Given his size, Joyner likely projects as a slot defender.

His ball skills are good but not great.

Joyner has shown the ability this year to successfully blitz and apply pressure on opposing quarterbacks. He times his blitzes well and is extremely quick, making him difficult to block. He also brings additional value as a return man.

While Joyner does not have ideal height, he does many things that make him a valuable and intriguing prospect. His versatility and experience project him as a third-to-fourth round prospect.

Christian Jones, LB, Sr. (6’4’’, 235 lbs) 

Christian Jones is one of the most athletic players in all of college football. This athleticism has had him on the field for Florida State since he was a true freshman, mostly as a contributor on special teams with some looks as a linebacker as a freshman in 2010, but as a starter ever since.

Jones is tremendous is pass coverage. He has extremely fluid hips, can run with backs and receivers and is long enough to cover tight ends. He has excellent awareness in zone and can blanket players in man. He has great ability to track the ball in the air and make plays on it. He is close to former Boston College linebacker Luke Kuechly in terms of being the best coverage linebacker I have watched on film.

Jones has above average instincts and is always around the ball. He is not often fooled and has good awareness. He flies around the field from sideline to sideline and has terrific range. From an athletic standpoint, he should test well at the NFL Scouting Combine.

One area of concern with Jones is that he does not take on blockers well. He doesn’t get enough separation from them and can easily be blocked out of plays. He is not physical when taking on blockers. When he is able to run freely, he is great, but he struggles when there is traffic in his way.

He regularly takes poor angles to ballcarriers and rarely takes the best course to get them down. Even his tremendous athleticism does not mask his bad pursuit angles.

In general, Jones is neither a great tackler nor a very physical player. He doesn’t drive his hips to bring down ball carriers, but is more of a grab and attempt to drag down type tackler.

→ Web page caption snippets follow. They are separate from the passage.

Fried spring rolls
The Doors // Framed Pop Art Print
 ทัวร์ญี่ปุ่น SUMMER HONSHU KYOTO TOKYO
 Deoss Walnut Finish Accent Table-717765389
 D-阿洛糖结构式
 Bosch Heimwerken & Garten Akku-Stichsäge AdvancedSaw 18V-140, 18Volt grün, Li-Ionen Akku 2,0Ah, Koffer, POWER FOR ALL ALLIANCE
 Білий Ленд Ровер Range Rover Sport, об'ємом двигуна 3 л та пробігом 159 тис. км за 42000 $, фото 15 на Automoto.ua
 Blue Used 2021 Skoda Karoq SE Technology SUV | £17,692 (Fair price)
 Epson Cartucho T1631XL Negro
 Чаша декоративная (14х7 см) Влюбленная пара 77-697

You can see Jones’ upside in many ways, but I have a fourth-round grade on him based on the film I have studied. Perhaps that grade is a little high given the weaknesses I have outlined, but at a minimum, you get an amazingly athletic player who can cover tremendously well from the linebacker position. He projects as a core special teams player, and that should keep him on an NFL roster until he develops the ability to be an every-down player.

Timmy Jernigan, DT, Jr. (6’2’’, 292lbs) 

Like Lamarcus Joyner, Jernigan has played in every game for Florida State since his true freshman season, though Jernigan is only a junior and in his first year as a starter.

To this point in 2013, it is apparent that Jernigan’s overall strength and instincts have improved since last season. He had read blockers more effectively and has been much more stout at the point of attack. He continues to display quick and active hands to win battles with blockers, while he has flashed more ability to penetrate and make plays behind the line of scrimmage. His motor has also been more consistent in 2013.

The area that continues to plague Jernigan is the frog-like four-point stance that he gets into. He loses significant quickness and explosion out of his stance because of it. Before he can shoot his very quick hands, he has to gain his balance which renders him less effective. With some coaching in this area, his impact could be far greater.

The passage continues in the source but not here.